[PIO-49] Add support for Elasticsearch 5.x #336

haginot · 2017-01-16T04:01:00Z

We work on meta/event storage support for Elasticsearch 5.x.
Although Elasticsearch 2.x does not allow dots in field names,
Elasticsearch 5.x supports it. So, it's better to upgrade to ES 5.x release.
Since ES 5.x provides Java Rest API client, we replaced
Transport communication with HTTP one. Therefore, our fix
uses HTTP(9200 port) only.

ftopan80 · 2017-01-16T04:12:33Z

+1 pretty please

marevol · 2017-01-16T04:32:34Z

We use the following template.
https://github.com/marevol/incubator-predictionio-template-recommender/tree/0.11.0
(Commented out "data.ratings.take(1)", because it does not seem that elasticsearch-hadoop supports it)

dszeto · 2017-01-17T21:02:54Z

This is really great. Thanks a lot @haginot and @marevol !

Officially ES 1.7 and before are deprecated. I will start a thread in user@ and dev@ to gauge if we need to maintain backward compatibility. If it is not too much effort, it would be nice to have two different sets of configuration and code for ES 1.x and ES 5.x.

marevol · 2017-01-17T21:36:45Z

Thank you for your comment.
We will check if it keeps the code for ES 1.x.

dszeto · 2017-01-17T21:40:12Z

@marevol One way to do so is to rename the existing ES configuration and code to something like ES1Events, PIO_STORAGE_SOURCES_ELASTICSEARCH1_TYPE=elasticsearch1, and keep your new code as is. This may require build profiles (#295) though. Please let us know how it goes.

marevol · 2017-01-18T07:48:29Z

Added Elasticsearch 1.x support!
Elasticsearch 5.x support uses Jar file for REST API and does not conflict with ES 1.x Jar file.
Therefore both 1.x/5.x supports are available in 1 distribution.

pferrel · 2017-01-18T18:18:04Z

@marevol Thanks this looks very promising! How do you configure PIO to use 1.x vs 5.x, Templates may need to look at the config or supply their own.

The UR uses the REST API for 1.x and can easily switch to 5.X so I'd like to coordinate.

What config flags the Elasticsearch version PIO_STORAGE_SOURCES_ELASTICSEARCH1_TYPE?

marevol · 2017-01-18T21:25:24Z

To use the existing code for elasticsearch 1.x, please use PIO_STORAGE_REPOSITORIES_METADATA_SOURCE=ELASTICSEARCH1 and PIO_STORAGE_SOURCES_ELASTICSEARCH1_* settings.

The UR uses the REST API for 1.x and can easily switch to 5.X so I'd like to coordinate.

o.a.p.data.strorage.elasticsearch.* classes contain index mappings and it's different between 1.x and 5.x.
So, to use new code for 5.x in 1.x, the mapping needs to be modified.

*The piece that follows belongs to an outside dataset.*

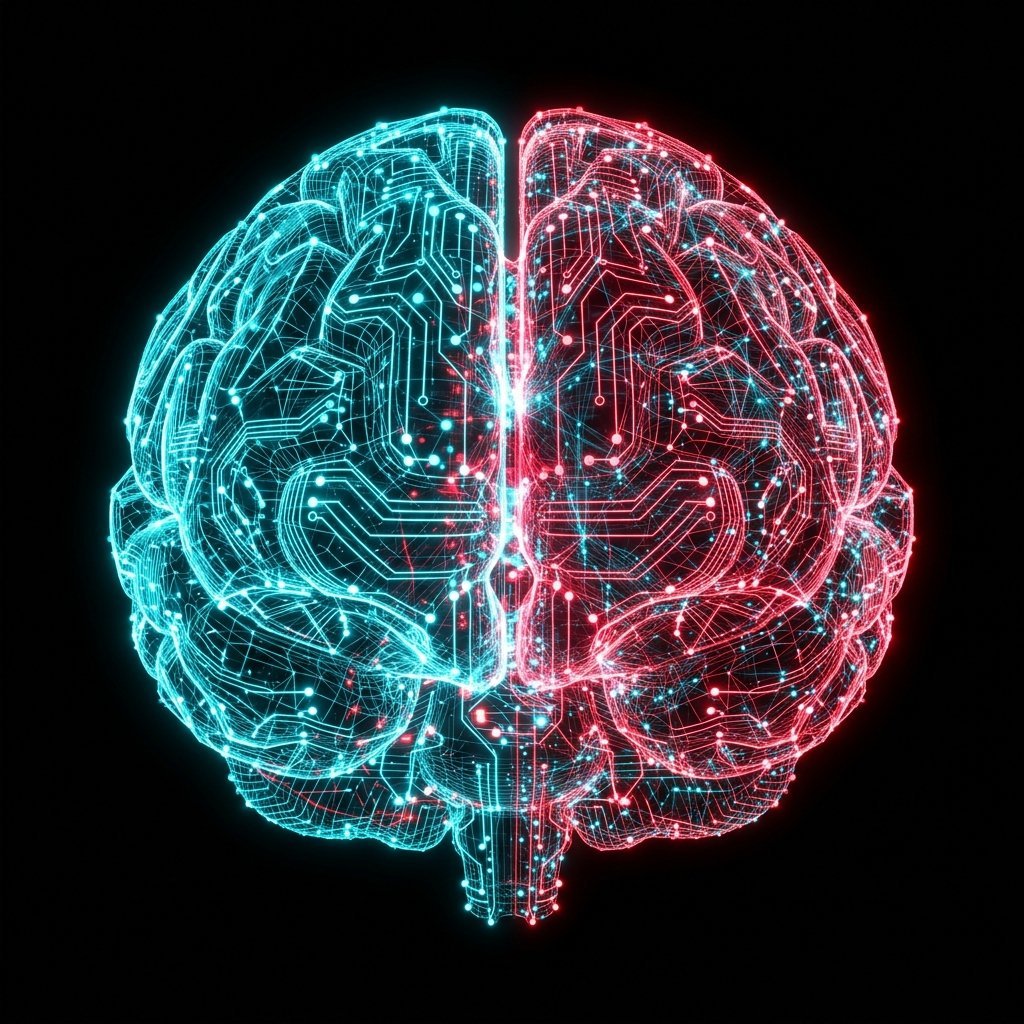Tech Brain Core - Mars Tech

dszeto · 2017-01-18T22:05:08Z

Reviewing the code right now. It would be nice if we could include a migration guide in the docs if possible.

dszeto

The rest is great! Thanks a lot @haginot and @marevol !

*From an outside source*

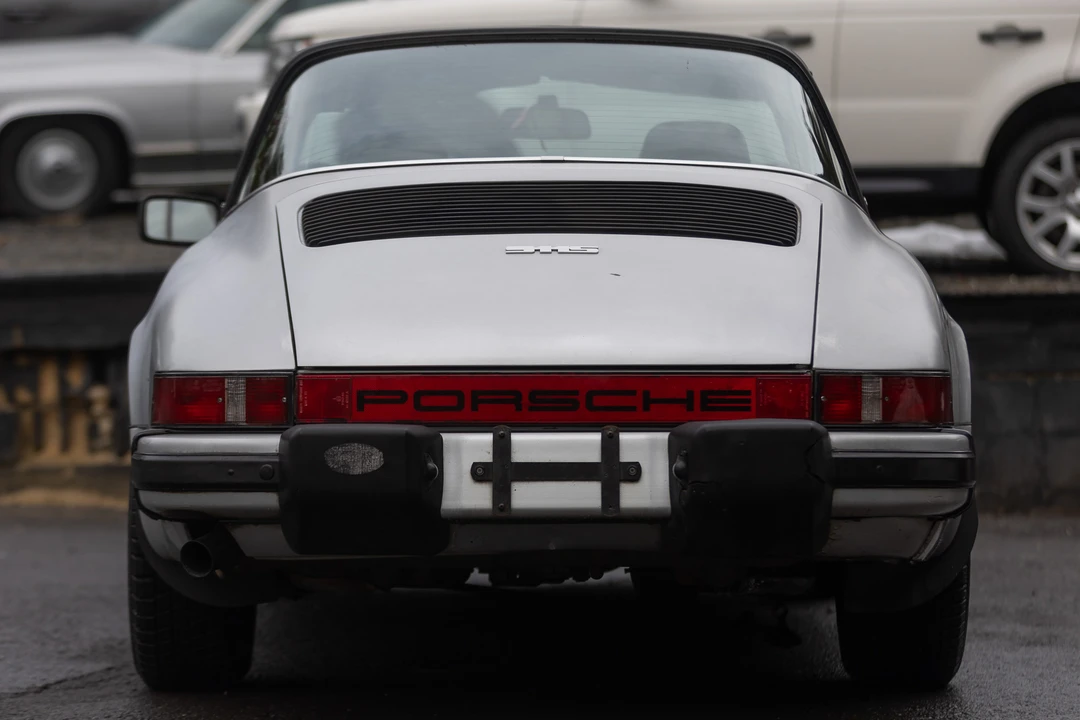 1977 Porsche 911 G-Body - Image 25 of 31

dszeto · 2017-01-18T22:48:42Z

data/build.sbt

+  "org.clapper"             %% "grizzled-slf4j" % "1.0.2",
+  "org.elasticsearch.client" % "rest"           % elasticsearchVersion.value,
+  "org.elasticsearch"        % "elasticsearch"  % elasticsearch1Version.value,
+  "org.elasticsearch"        % "elasticsearch-spark-13_2.10" % elasticsearchVersion.value % "provided",


We could do

"org.elasticsearch" %% "elasticsearch-spark-13" % elasticsearchVersion.value % "provided",

We do not need to change this now because PIO-30 will need to be extended to take care of cross-building, and the whole artifact name will need to change.

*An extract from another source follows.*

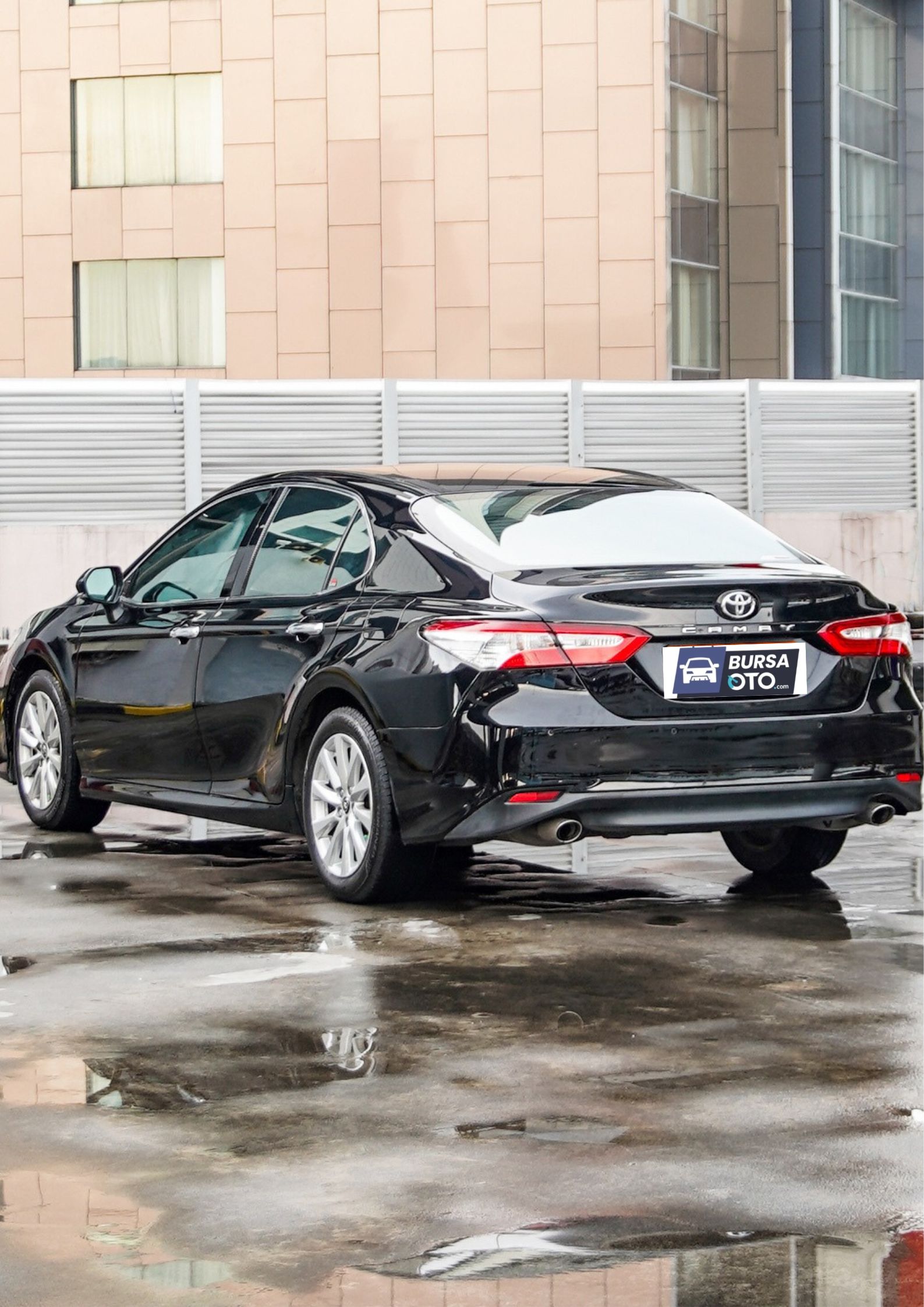 2021 Toyota Camry V 2.5L AT 2021 Toyota Camry V 2.5L AT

dszeto · 2017-01-18T23:30:18Z

data/src/main/scala/org/apache/predictionio/data/storage/elasticsearch/ESAccessKeys.scala

-  val typeExistResponse = indices.prepareTypesExists(index).setTypes(estype).get
-  if (!typeExistResponse.isExists) {
-    val json =
+  val restClient = client.open()


Should we reuse the same client after it's opened? According to https://www.elastic.co/guide/en/elasticsearch/client/java-rest/current/_initialization.html the official recommendation is to have the REST client have the same lifecycle as the application. I realize this pattern is used extensively in this PR, so please let us know what you think before you go ahead and change your code.

Right now PredictionIO does not provide a cleanup step in the storage layer when the application shuts down. This is probably a good opportunity to add. Would highly appreciate if you would like to take a stab at that.

This is probably a good opportunity to add.

+1
We could not reuse RestClient because it's not closed.
I think it's better to call "close" process for storage at the end of application, and then reuse RestClient.

dszeto · 2017-01-18T23:44:33Z

data/src/main/scala/org/apache/predictionio/data/storage/elasticsearch1/StorageClient.scala

+
+class StorageClient(val config: StorageClientConfig) extends BaseStorageClient
+    with Logging {
+  override val prefix = "ES"


Open discussion: Should we rename this to ES1 (and subsequently all classnames in this package)? Having this thought mainly due to the universal recommender template using the ES client directly and it would be nice to have a way to tell which version the client is. Another approach could be modifying Storage to provide discovery mechanism based on package name. @pferrel you may want to chime in.

dszeto · 2017-01-20T19:05:46Z

If there's no objection, I suggest merging this first and do the other suggested optimizations in a separate JIRA/PR later.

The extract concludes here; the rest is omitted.